» Activity:
Your output is to hold only the lines from the one showing "Mercedes-Benz Klasa C 200 CDI Avantgarde - 9" through the end of the listing, exactly, with every picture excluded.

» Information given:
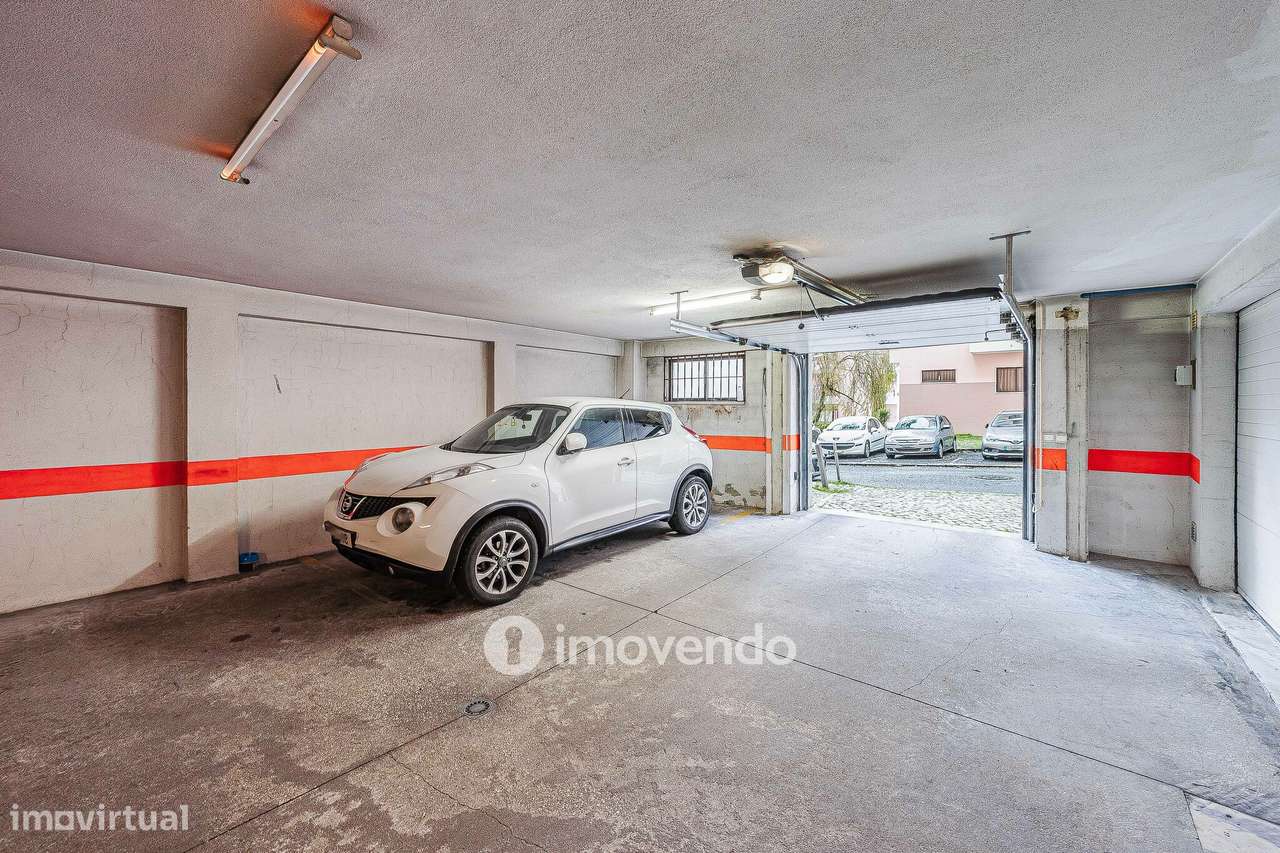 Apartamento T3, com estacionamento e arrecadação, na Ramada-48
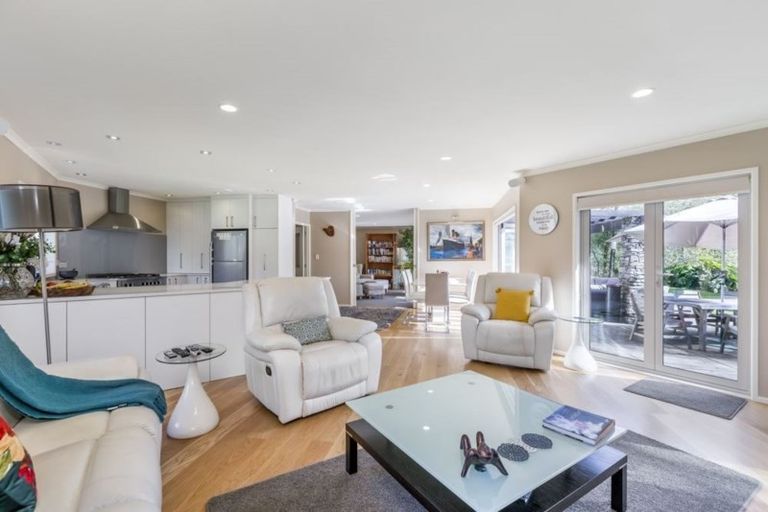 Photo of property in 7c Hobbs Road, Matakatia, Whangaparaoa, 0930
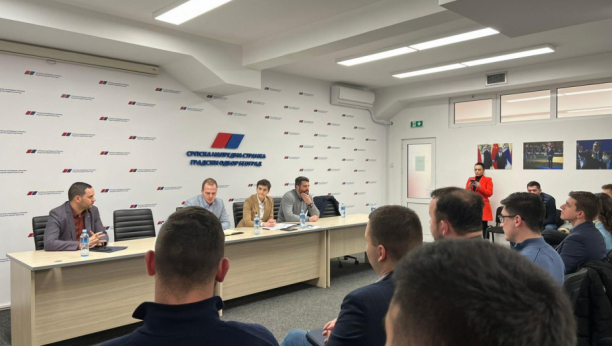 ANA BRNABIĆ PORUČILA Mi smo pokazali šta umemo, dela najbolje govore (FOTO/VIDEO)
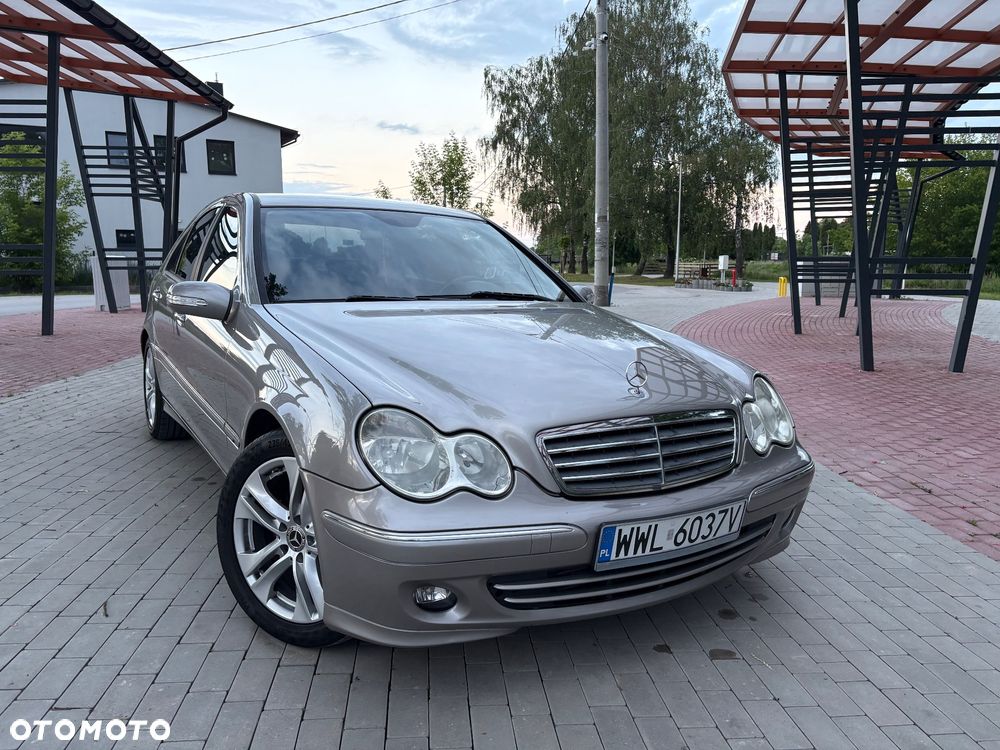 Mercedes-Benz Klasa C 200 CDI Avantgarde - 9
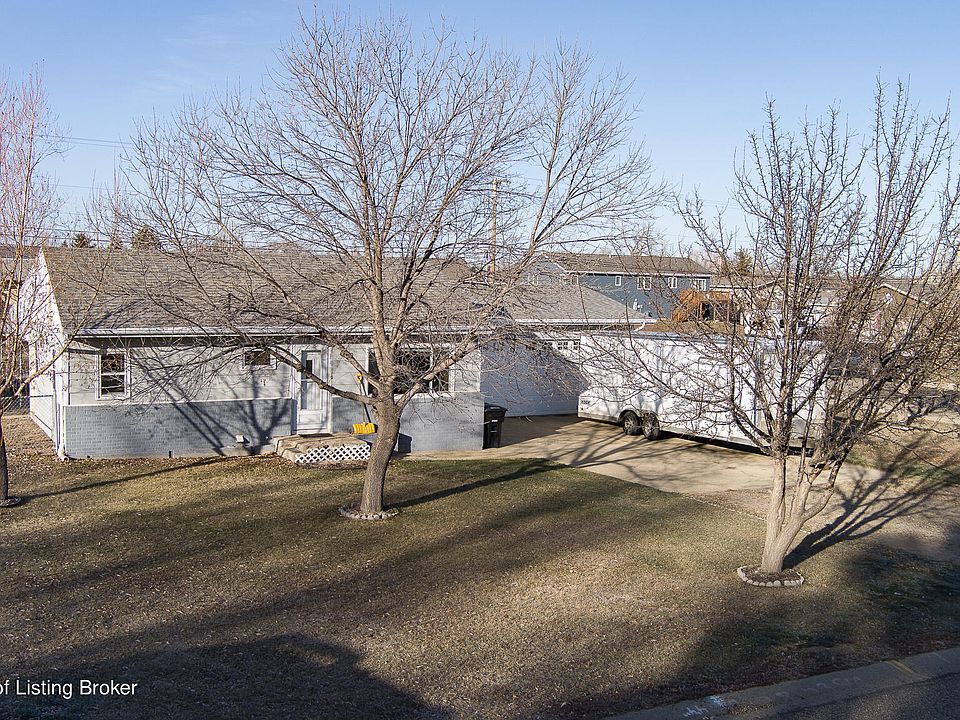 1st image of 610 1st Ave SW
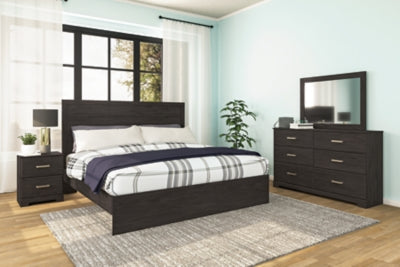 Cama con panel tamaño king y mesita de noche Belachime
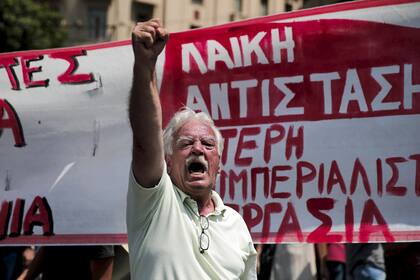 Protestas contra las medidas de austeridad aceptadas por el gobierno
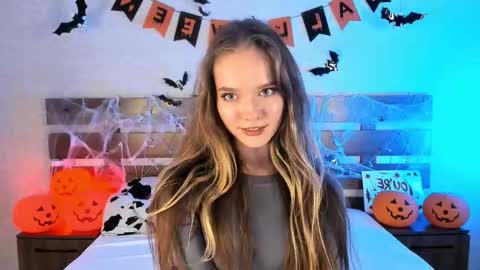 Hazel  online show from 10/25/25, 04:13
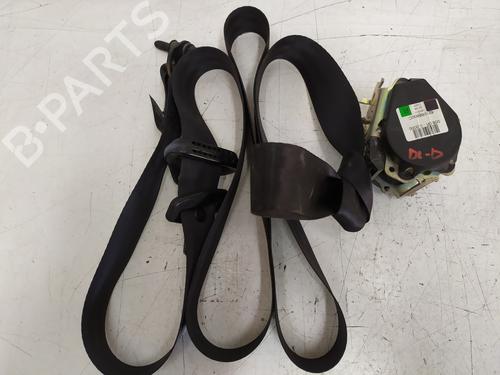 front-right-seatbelt-dacia-sandero-ii-2012-32428448 main image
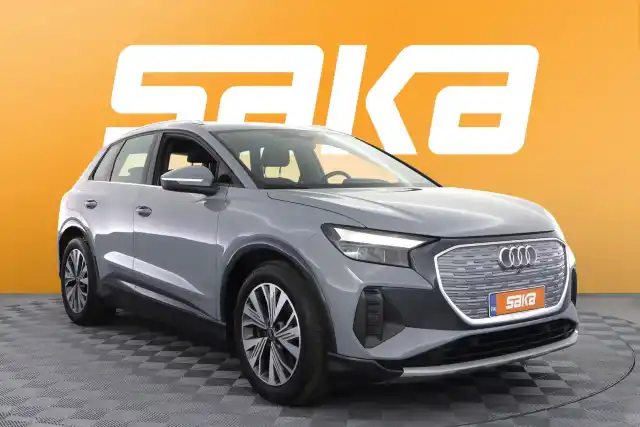 Harmaa Maastoauto, Audi Q4 e-tron – VAR-37555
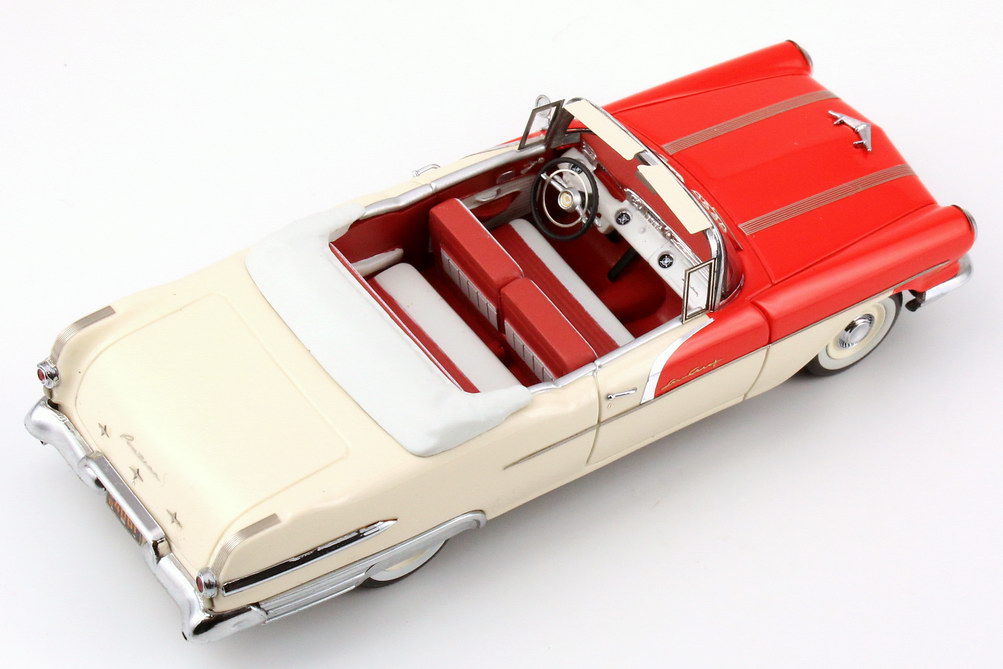 Foto 1:43 Pontiac Star Chief Convertible (1955) rot/beige NEO Scale Models 44061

» Answer for the task:
 Mercedes-Benz Klasa C 200 CDI Avantgarde - 9
 1st image of 610 1st Ave SW
 Cama con panel tamaño king y mesita de noche Belachime
 Protestas contra las medidas de austeridad aceptadas por el gobierno
 Hazel  online show from 10/25/25, 04:13
 front-right-seatbelt-dacia-sandero-ii-2012-32428448 main image
 Harmaa Maastoauto, Audi Q4 e-tron – VAR-37555
 Foto 1:43 Pontiac Star Chief Convertible (1955) rot/beige NEO Scale Models 44061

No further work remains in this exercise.